Task to carry out: Please repeat exactly the lines below from the line with "Black 2018 Ford Escape SE" to the line with "Schwartzman pega de", including both, and leave out every picture.

Available data:
········

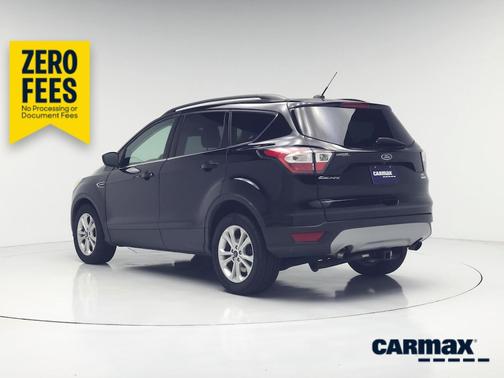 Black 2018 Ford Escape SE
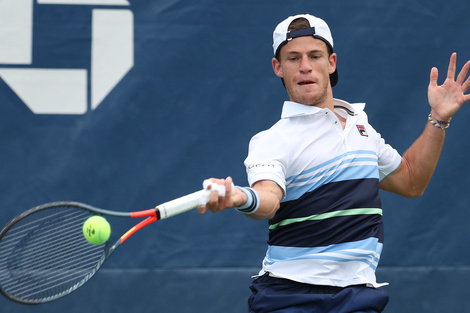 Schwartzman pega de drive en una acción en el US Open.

········

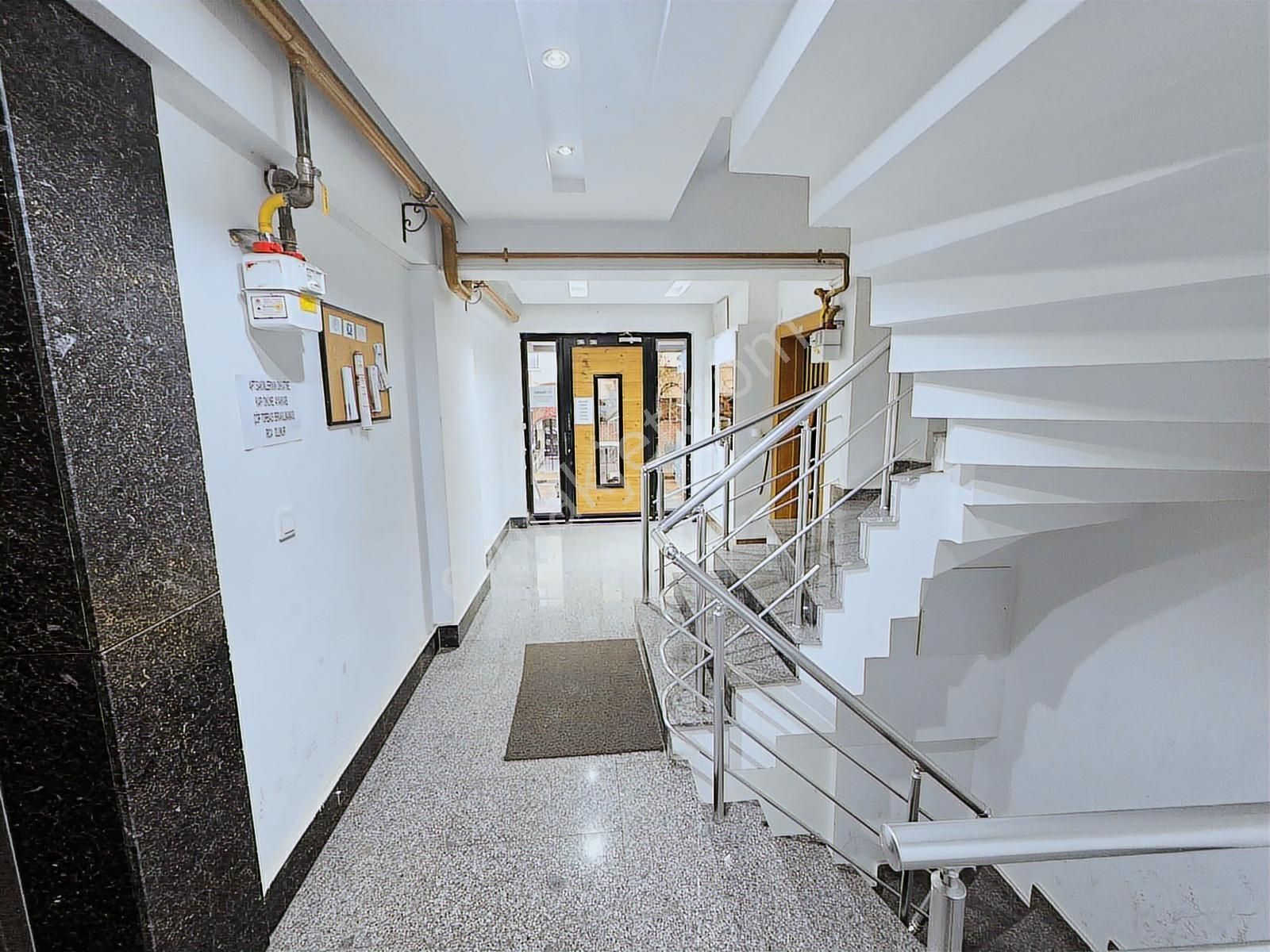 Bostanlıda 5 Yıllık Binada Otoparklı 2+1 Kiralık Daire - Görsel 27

········

Worked solution:
 Black 2018 Ford Escape SE
 Schwartzman pega de drive en una acción en el US Open.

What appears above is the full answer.